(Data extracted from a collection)
━━━━━━━━━━━━━━━━━━━━━━━━━━━━━━

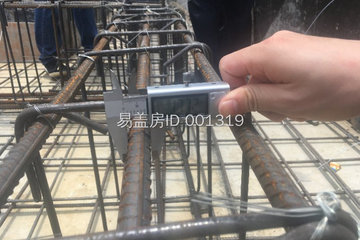 廣東湛江雷先生別墅工地直播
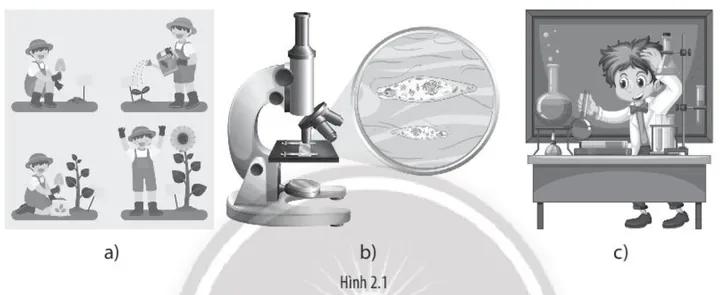 Tổng Hợp Các Phương Pháp Chẩn Đoán Hình Ảnh Phổ Biến Dành Cho Bạn Bao Gồm X-quang, Ct Và Mri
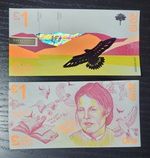 Lake District Pound, Charlotte Mason, Transition, Unc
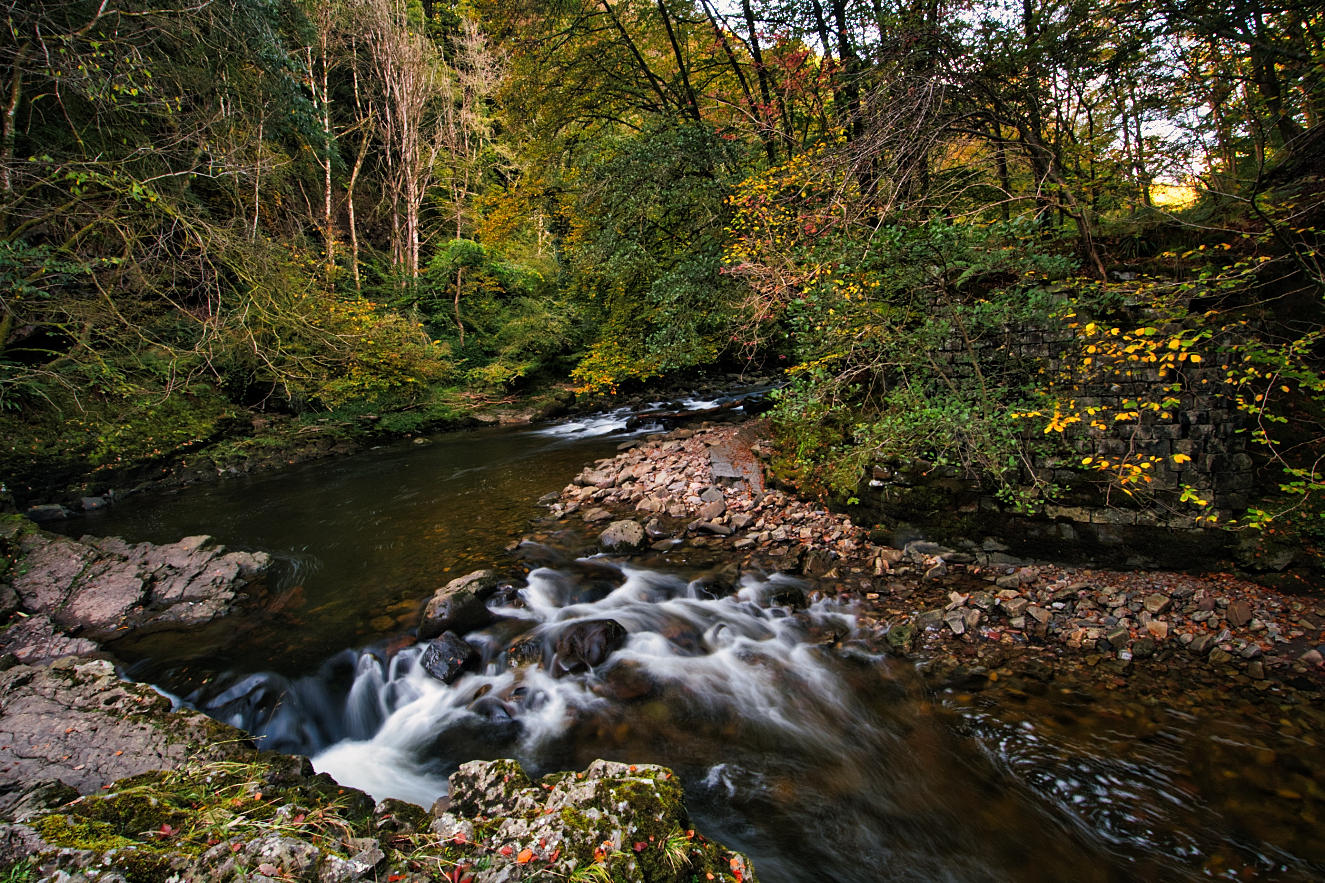 DSC_4492_01.JPG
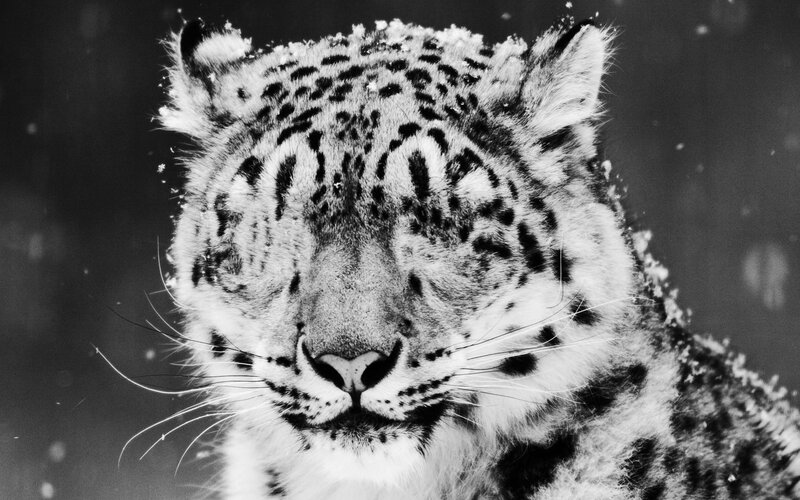Snow Leopard in Snow — Black, Calm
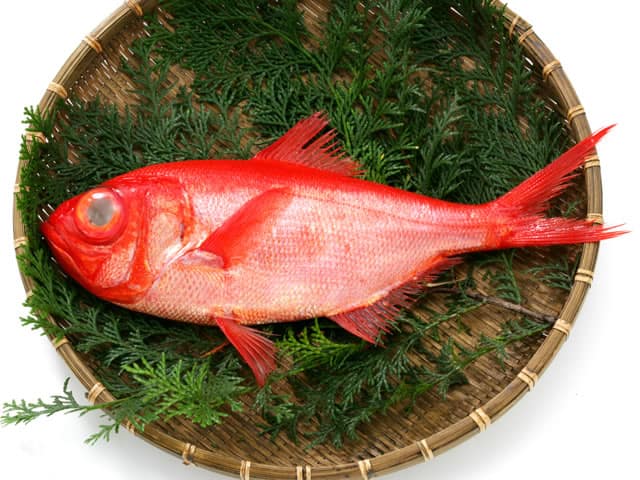 金目鯛の画像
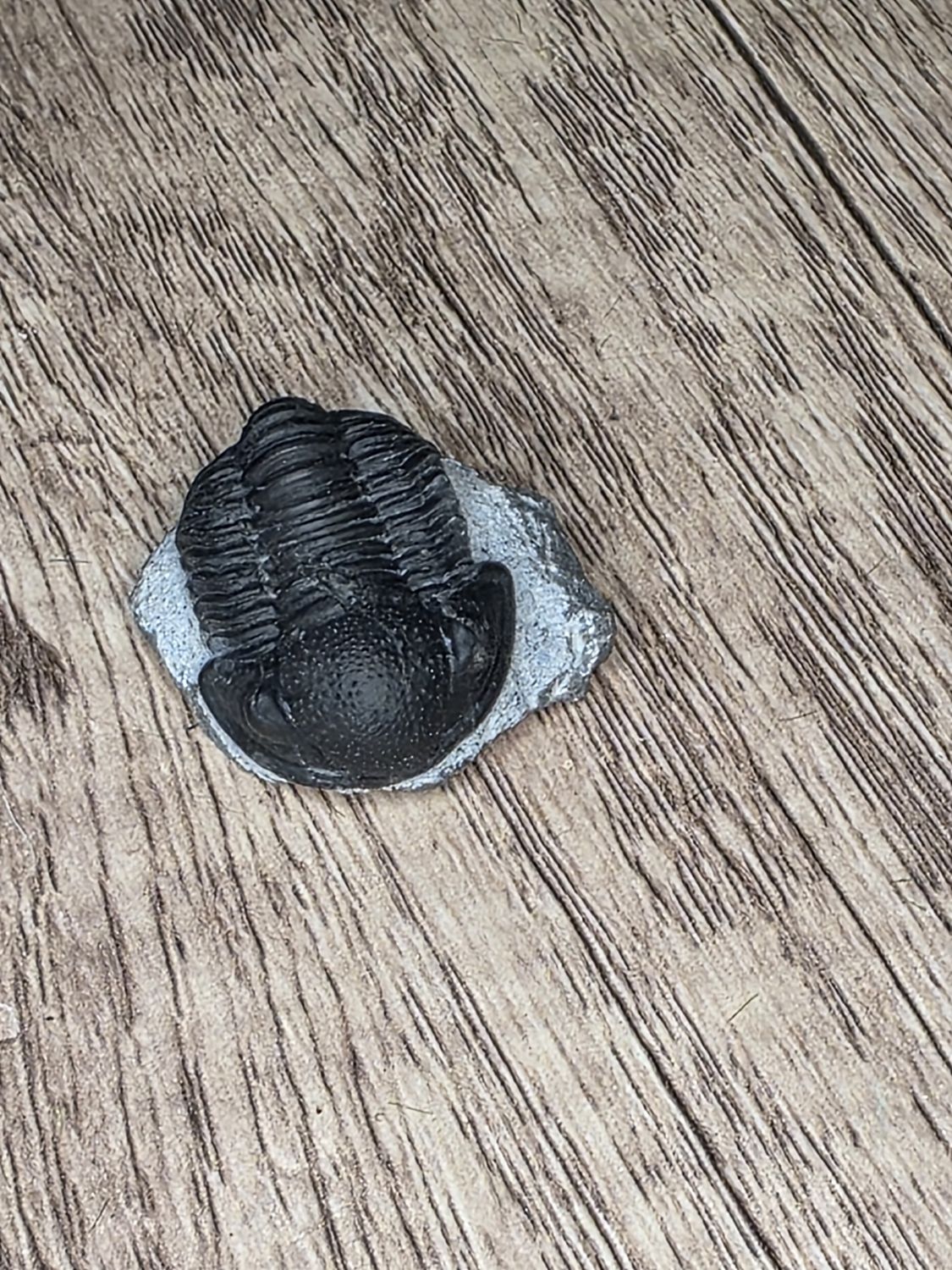 Trilobite Fossil in matrix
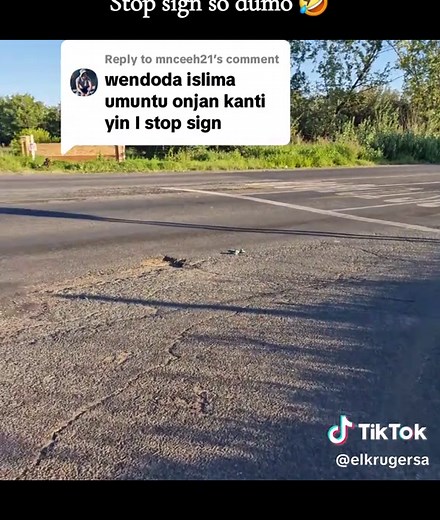 Understanding Traffic Rules for Safer Driving in SA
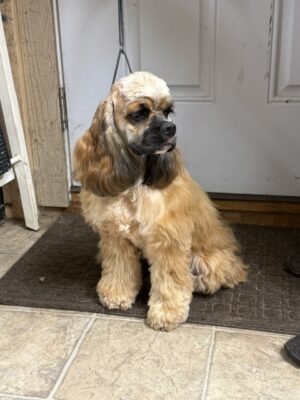 hill crest cockers, cocker spaniel, Margo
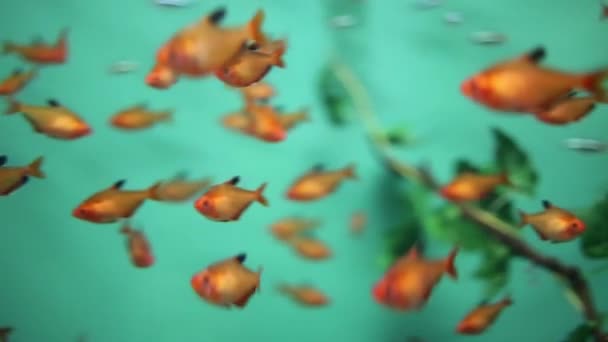 Los peces pequeños nadan en el agua — Vídeo de stock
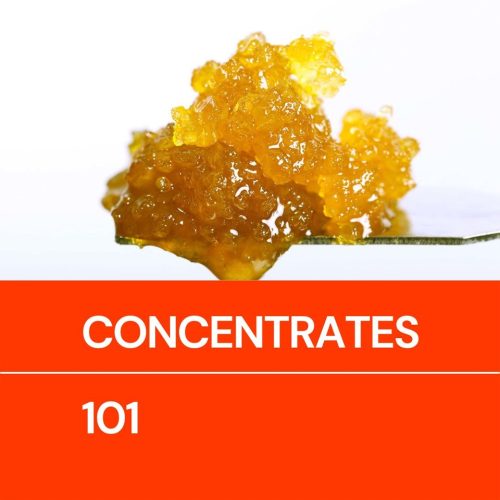 Cannabis Concentrates 101: A Guide to Concentrates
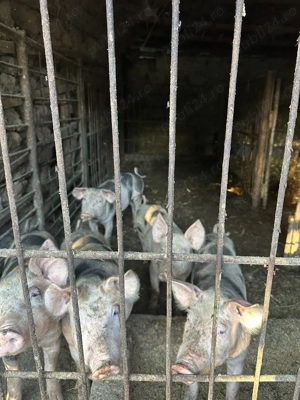 Vând purcei 15-20 kg   600 lei negociabil   Adunații Copăceni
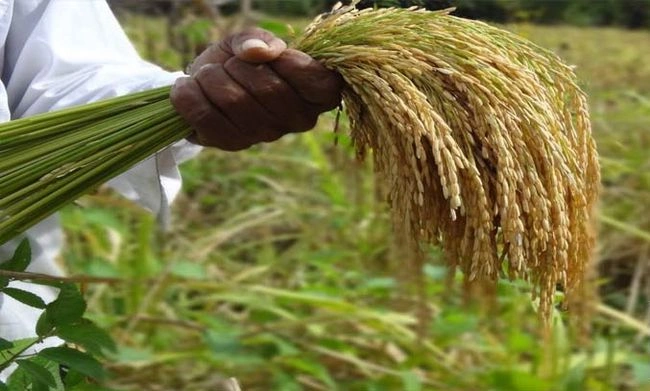 برنج هاشمی حسن سرا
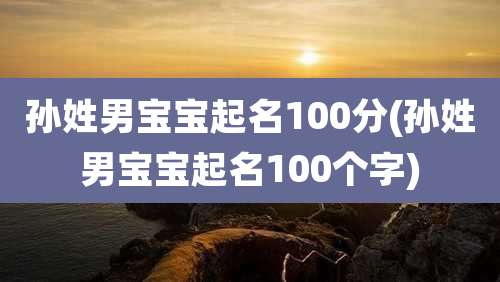 孙姓男宝宝起名100分(孙姓男宝宝起名100个字)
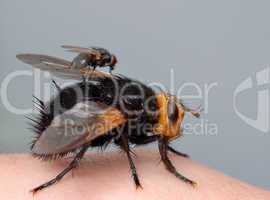 Two flies on my finger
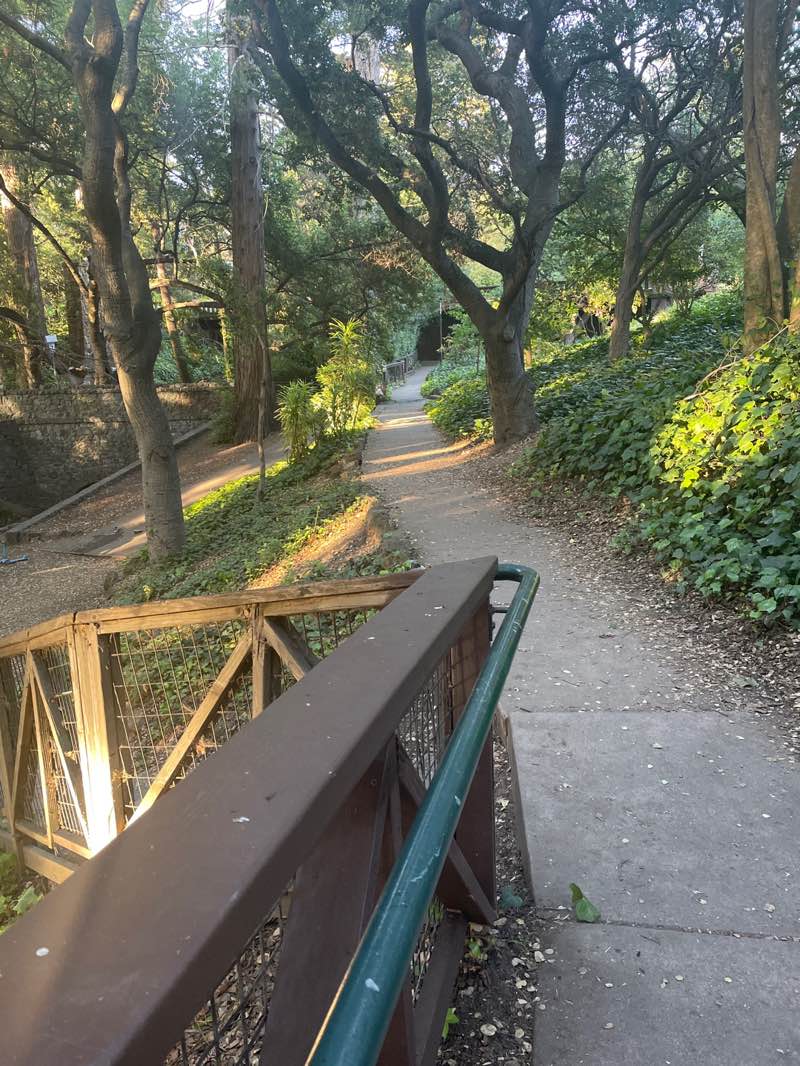 walking near me in Live Oak Park in spring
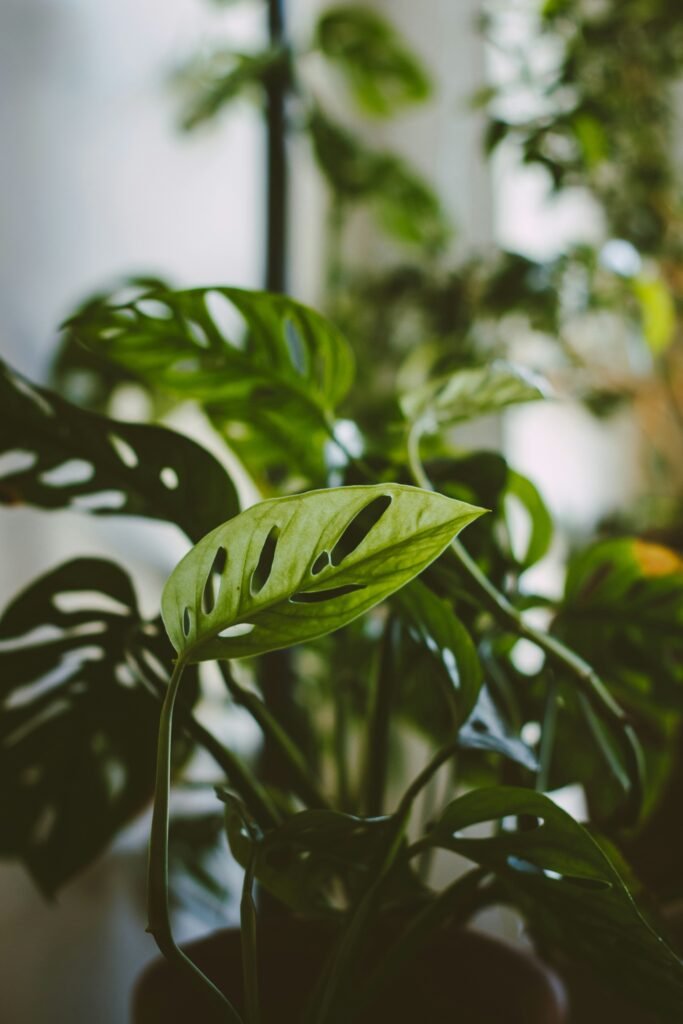 Detalle de hoja con plaga típica en plantas de interior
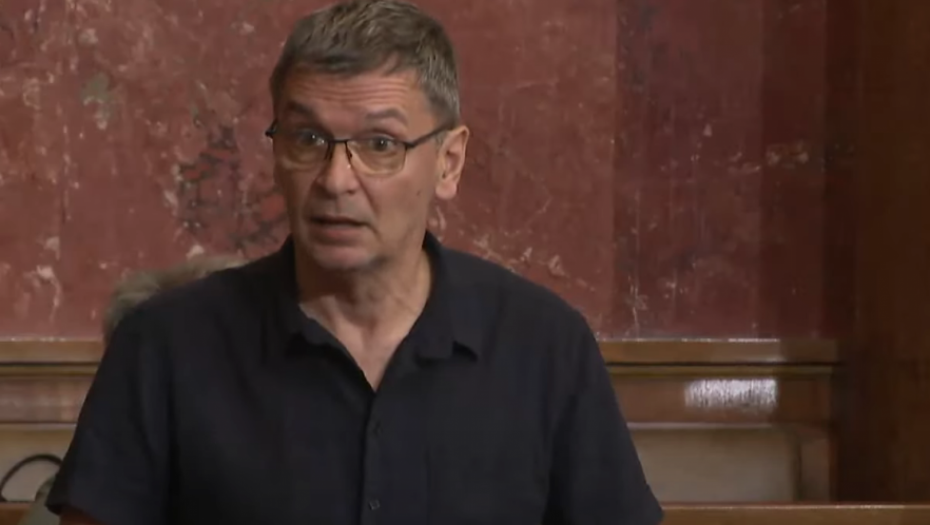 POSEKLI SU DECI 461 STABLO! "Ćutin kum Miša Ćuskija rušio šta je hteo, pa gradio luksuzni kompleks!"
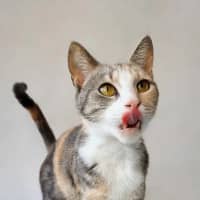 Photo of Lady Marmalade 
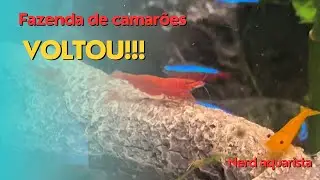 Voltei com a fazenda de camarões 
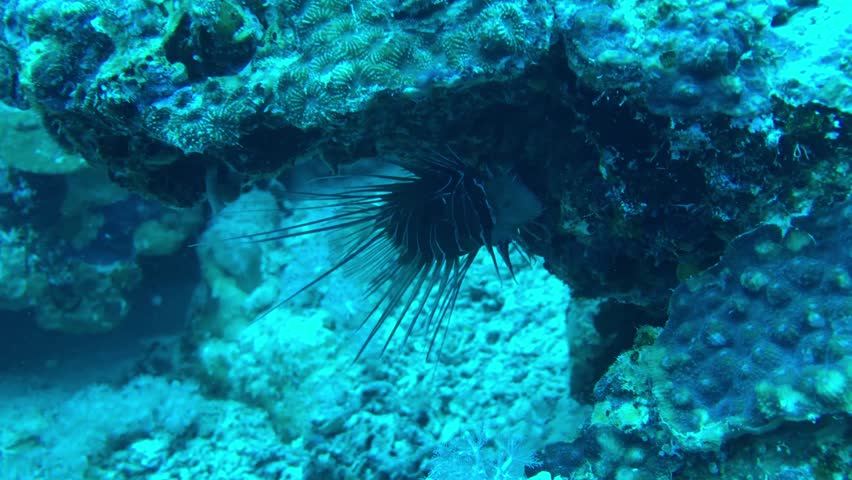 View of lionfish in the reef | Shutterstock HD Video #1100223773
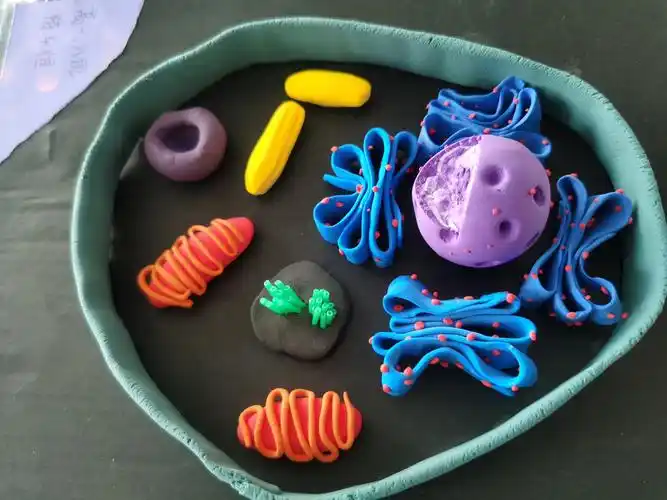 指尖上的生物——汶城中学高一年级细胞模型制作大赛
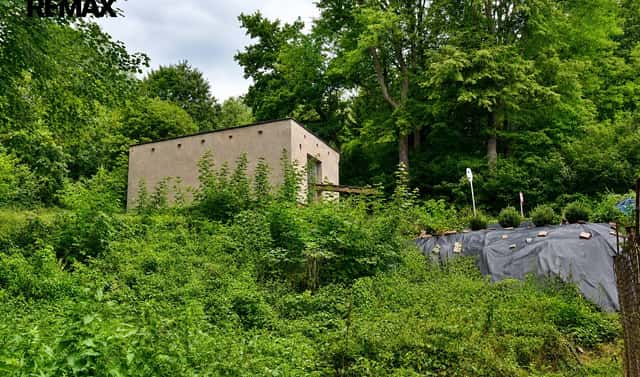 Prodej stavebního pozemku 875 m², Zlatá Olešnice, okres Trutnov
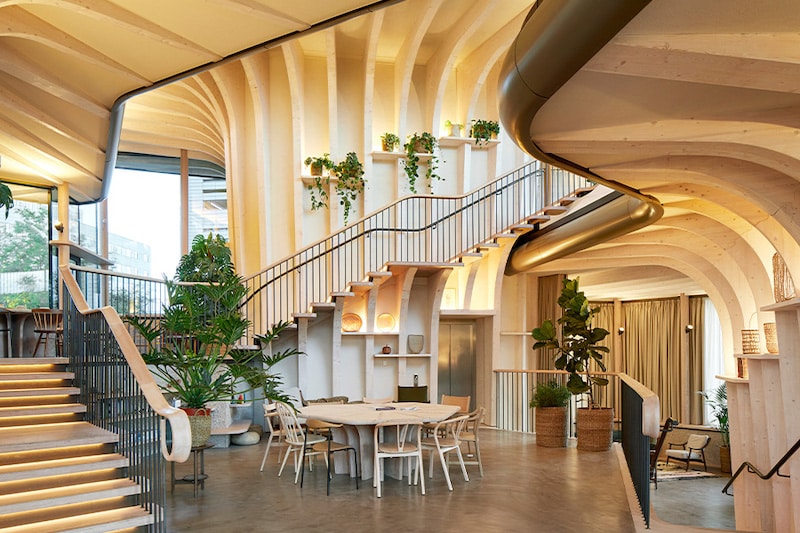 A warmly lit room with plants, arching wooden walls, and an open stairway leading to a glass wall looking out into a garden for the benefits of biophilia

━━━━━━━━━━━━━━━━━━━━━━━━━━━━━━

=== Task brief ===
What is needed is an exact output of the records above, with every picture left out.

=== Written response ===
 廣東湛江雷先生別墅工地直播
 Tổng Hợp Các Phương Pháp Chẩn Đoán Hình Ảnh Phổ Biến Dành Cho Bạn Bao Gồm X-quang, Ct Và Mri
 Lake District Pound, Charlotte Mason, Transition, Unc
 DSC_4492_01.JPG
Snow Leopard in Snow — Black, Calm
 金目鯛の画像
 Trilobite Fossil in matrix
 Understanding Traffic Rules for Safer Driving in SA
 hill crest cockers, cocker spaniel, Margo
 Los peces pequeños nadan en el agua — Vídeo de stock
 Cannabis Concentrates 101: A Guide to Concentrates
 Vând purcei 15-20 kg   600 lei negociabil   Adunații Copăceni
 برنج هاشمی حسن سرا
 孙姓男宝宝起名100分(孙姓男宝宝起名100个字)
 Two flies on my finger
 walking near me in Live Oak Park in spring
 Detalle de hoja con plaga típica en plantas de interior
 POSEKLI SU DECI 461 STABLO! "Ćutin kum Miša Ćuskija rušio šta je hteo, pa gradio luksuzni kompleks!"
 Photo of Lady Marmalade 
 Voltei com a fazenda de camarões 
 View of lionfish in the reef | Shutterstock HD Video #1100223773
 指尖上的生物——汶城中学高一年级细胞模型制作大赛
 Prodej stavebního pozemku 875 m², Zlatá Olešnice, okres Trutnov
 A warmly lit room with plants, arching wooden walls, and an open stairway leading to a glass wall looking out into a garden for the benefits of biophilia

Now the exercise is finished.